Work to be completed>
Below is some data. Retype exactly the lines starting at the one with "JOSEPH Outerwear - Zwart" and ending at the one with "Bicicleta Spinning Salter Lifestyle PT-1690".

Exercise materials>
--------------------------------------------------

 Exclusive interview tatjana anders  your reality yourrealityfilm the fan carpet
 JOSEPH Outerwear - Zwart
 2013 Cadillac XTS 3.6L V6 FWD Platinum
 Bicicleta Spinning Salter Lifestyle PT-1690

--------------------------------------------------

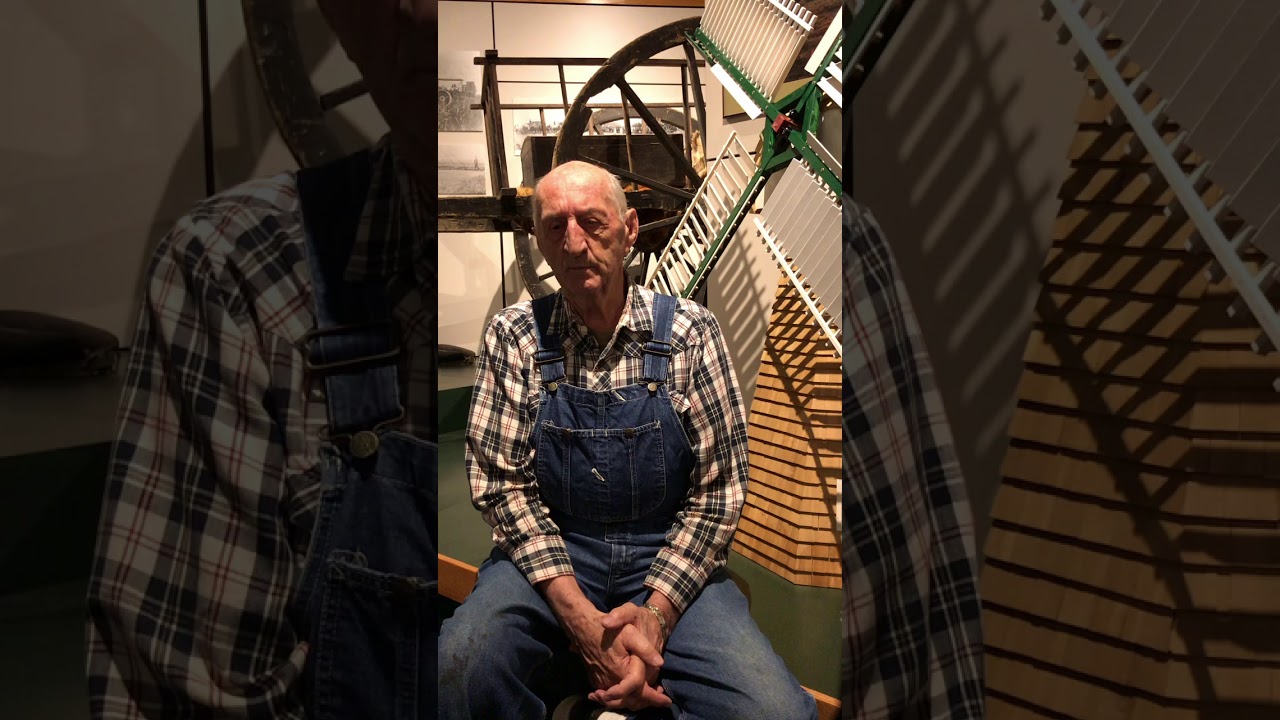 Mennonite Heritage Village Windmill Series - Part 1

--------------------------------------------------

Result>
 JOSEPH Outerwear - Zwart
 2013 Cadillac XTS 3.6L V6 FWD Platinum
 Bicicleta Spinning Salter Lifestyle PT-1690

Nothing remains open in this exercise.